April 4, 1863, Richmond Examiner
The reader will find in the report of evidence in the Police Court, the true account of a so-called riot in the streets of Richmond. A handful f prostitutes, professional thieves, Irish and Yankee hags, gallows-birds from all lands but our own, congregated in Richmond, with a woman huckster at their head, who buys veal at the toll gate for a hundred and sells the same for two hundred and fifty in the morning market, undertook the other day to put into private practice the principles of the Commissary Department. Swearing that they would have goods “at Government prices” they broke open half a dozen shoe stores, hat stores, and tobacco houses, and robbed them of everything but bread, which was just the thing they wanted least. Under the demagogue’s delusion that they might be “poor people,” “starving people,” and the like, an institution of charity made a distribution of rice and flour to all who would ask for it. Considering the circumstances, it was a vile, cowardly, and pernicious act; but the manner in which it was received exhibits the character of this mob. Miscreants were seen to dash the rice and flour into the muddy streets, where the traces still remain, with the remark that “if that(ital) was what they were going to give, they might go to h__l.” It is greatly to be regretted that this most villainous affair was not punished on the spot. Instead of shooting every wretch engaged at once, the authorities contented themselves with the ordinary arrest, and hence the appearance of the matter in the police report of the morning.
If it were the only thing of this sort which has appeared in Southern cities, it would not be worth attention. But as the reader has already seen from our columns, some two weeks ago there was one in Atlanta, immediately followed by one in Mobile; which was succeeded by another in Saulsbury; then in Petersburg; and the very next day by this in Richmond. Now if these were unconcerted tumultuous movements, caused by popular suffering, they would not, could not, have this regular gradation of time from one city to another in the line of travel from South to North. It is impossible to doubt that the concealed instigators in each case were the same. Having done the work in one city, they took the cars to the next. That they are emissaries of the Federal Government is equally difficult to doubt. For sometime past the Northern press has teemed with intimations of some wonderful secret machinery which was at work to overthrow the South. This is what they meant. No doubt the next arrival of Northern newspapers will be filled with lies about these thief-saturnalia which will shame MUNCHAUSEN. As three hundred Yankee prisoners went off by flag of truce yesterday, the whole story, with al the additions which malice and invention can supply, has already got as far as Old Point.

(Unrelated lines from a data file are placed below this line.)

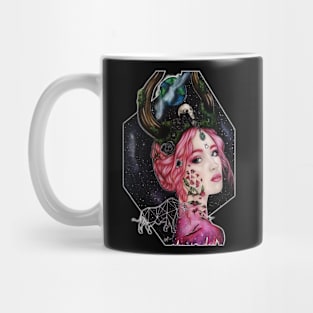 The Bull Goddess Mug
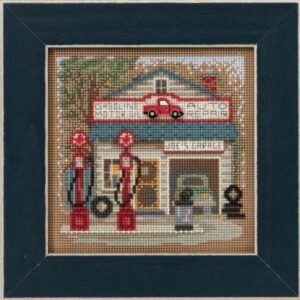 Joe's Garage
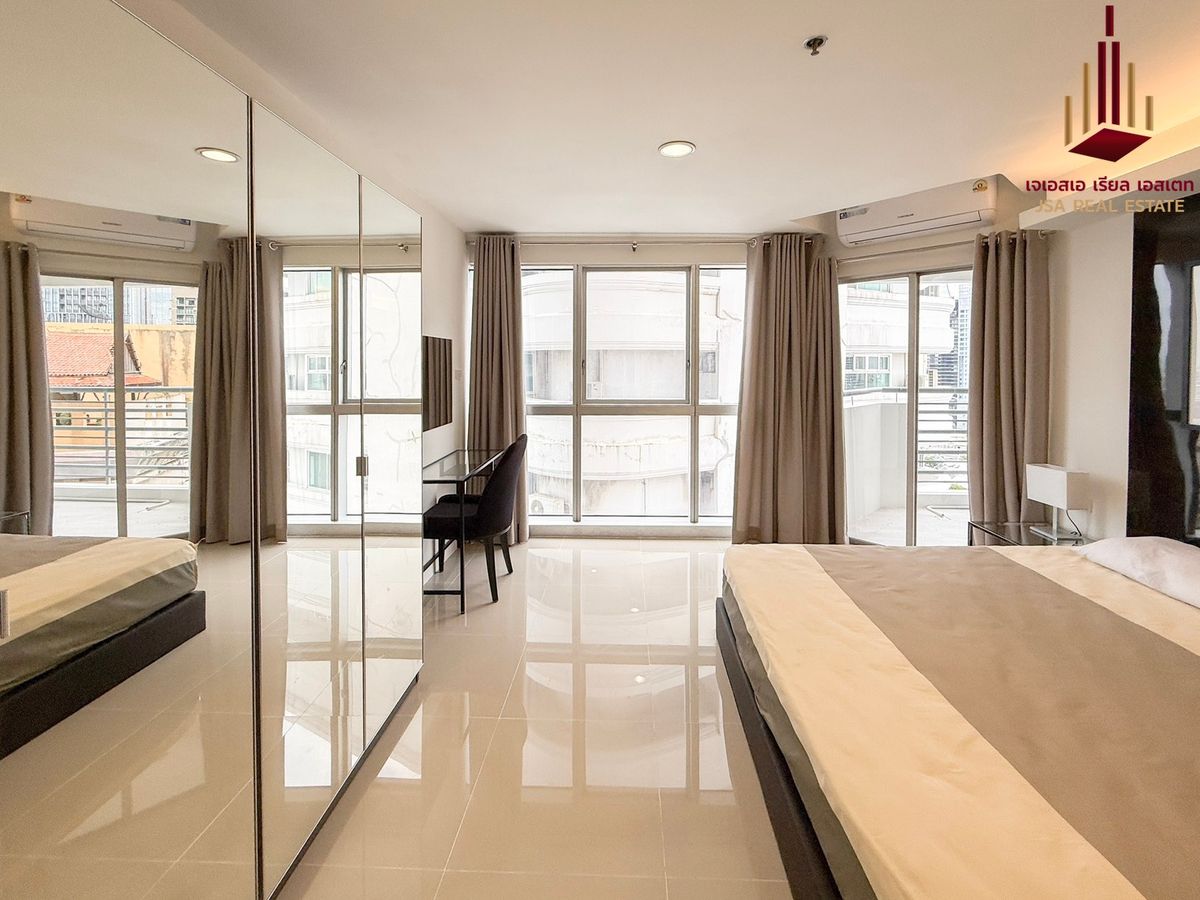 ให้เช่าคอนโดสุขุมวิท อโศก ทองหล่อ : ✨ For Rent: Waterford Diamond 30/1 Condo ✨  💰 Only 90,000 THB/month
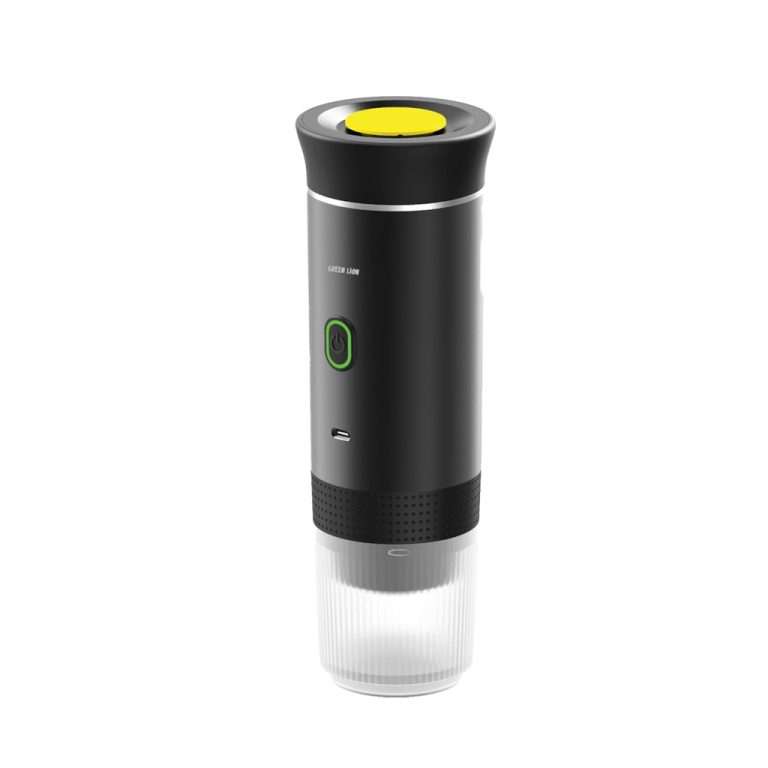 اسپرسوساز قابل حمل گرین لاین مدل Coffee Maker Lite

No doubt either, that they will be represented as “bread riots!” Bread riots! while this and every other city of the South has always had large appropriations for the poor uncalled for; when labour is so scarce that everything in human shape that is willing to work can make from two to four dollars in the day; when seamstresses refuse two dollars and a half with board, because the said board does not include tea and butter! Plunder, theft, burglary and robbery, were the motives of these gangs foreigners and Yankees the organizers of them.
One thing is certain, that of any exhibition of the sort occurs again, it must be put down in such a manner that it will never be repeated. There would never have been but one if the ammagistrates and citizens of the town in which they occurred had done their duty. A most contemptible notion, that such disturbance is a shame, which must be hidden – (as well try to hide the sun!) – led them to coax and wheedle the audacious miscreants engaged in it. That course ensured their recurrence. It always does so. When an individual permits himself to be black-mailed by a scoundrel, he is always bled again and again till he is exhausted; so too, a community which permits itself to be bullied by its criminal population, must expect to find it bolder every day until it rules all. We know that a street rabble, of which a cowardly king was afraid, once got such possession of Paris that it produced an anarchy of blood and horror which lasted two years: lasted till the mob met a Corsican lieutenant who was not afraid of it or aught; when it vanished in a whiff of powder-smoke and never was heard of again. – Times of revolution and war are always fertile in this species of crime, and unless checked properly it becomes exceedingly dangerous to the public cause. There is only one way to check it properly. The opportunity to do so should not be avoided, or approached reluctantly, but eagerly sought and pursued to its very utmost extent of availability.
It is useless to dwell on this truth. For citizens who have arms in their hands and yet permit their money and property to be ravished from them by cowardly burglars and thieves, because they are incited too come in a gang of fifty in broad daylight, instead of by twos or threes at midnight, we have no sympathy. If the officers of the law, with the ample force and power in their hands, have not enough decision and energy to do more than arrest highway robbers and disperse a mob of idlers at their heels, whose presence there deserved immediate death quite as well, no words or arguments can furnish them with the pluck they lack.